Once everything is ready and set up, you’re ready to start feeding. It’s important to remember that syringe feeding isn‘t a race and you should go at the guinea pig’s pace and not yours.

First, fill the syringe with food
Start by inserting the syringe into the guinea pig’s mouth from the side so that the tip of the syringe goes behind their front teeth. This means that you’re not syringing the food straight down the guinea pig’s throat, minimising the risk of choking.

Slowly release the plunger, don’t go any more than half of the syringe at a time. Allow the guinea pig to chew and, when you think they’re ready, insert the syringe again, giving them the other half. If you’re experienced, it’s possible to give 1ml in one go, although you should be very careful as you need to make sure that the guinea pig isn’t given more than they can cope with.

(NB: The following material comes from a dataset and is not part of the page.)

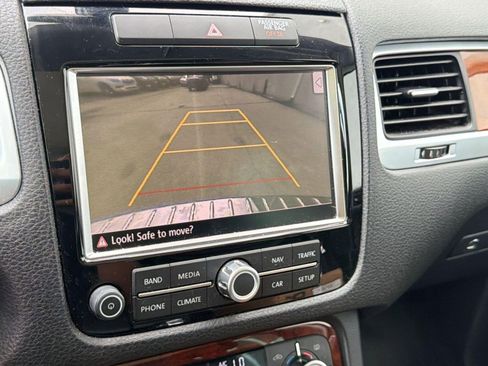 Used 2014 Volkswagen Touareg VR6 AWD/4WD image 21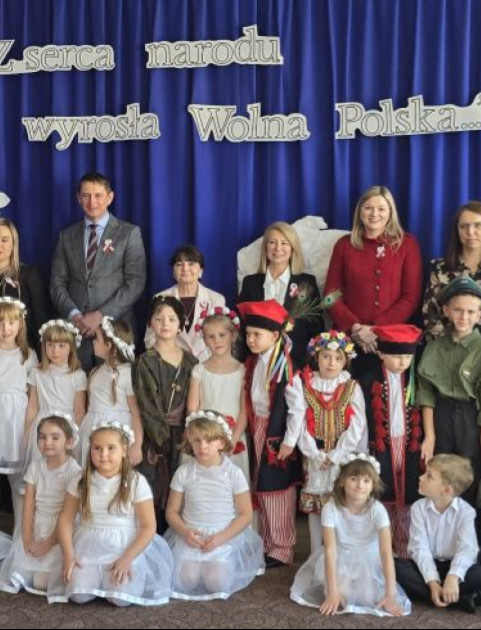 „Ojczyzna – nasza Matka” – wzruszające przedstawienie patriotyczne w Przedszkolu nr 4 w Sanoku [ZDJĘCIA]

If you’re struggling to get the syringe into the guinea pigs’ mouth, gently place your hand over the top of their face so that your fingers are on either side of the mouth, this will help to open the guinea pigs’ mouth, but just enough to get the syringe in.

It is also important to keep your guinea pig hydrated whilst they’re being syringe fed. Therefore, for around every 5ml of syringed food, give 1ml of fluids or if your guinea pig will take more.

It’s important to remember to feed syringe fluids slowly, from the side of the mouth so that the guinea pig doesn’t aspirate. Make sure you give plenty of time for your guinea pig to swallow. If your guinea pig is very small, struggles to swallow or is weak, give no more than 0.1 ml – max. 0.3 ml at once.

How Much And How Often To Syringe Feed

A guinea pig needs different amounts of syringe feed and a different feeding regime, which depends on the situation you’re dealing with. If your guinea pig has still got their appetite, it may accept syringe feed while in the cage.

Whilst feeding, use a separate cup of water to rinse the syringe to prevent the syringe from becoming clogged up.

As mentioned at the beginning, it’s important to weigh the guinea pig daily while they’re being syringe fed, as this will let you monitor as to whether you’re feeding enough to maintain their weight. Keep a record of their weight and the amount of syringes given, together with any probiotics or vitamin C and fluids given.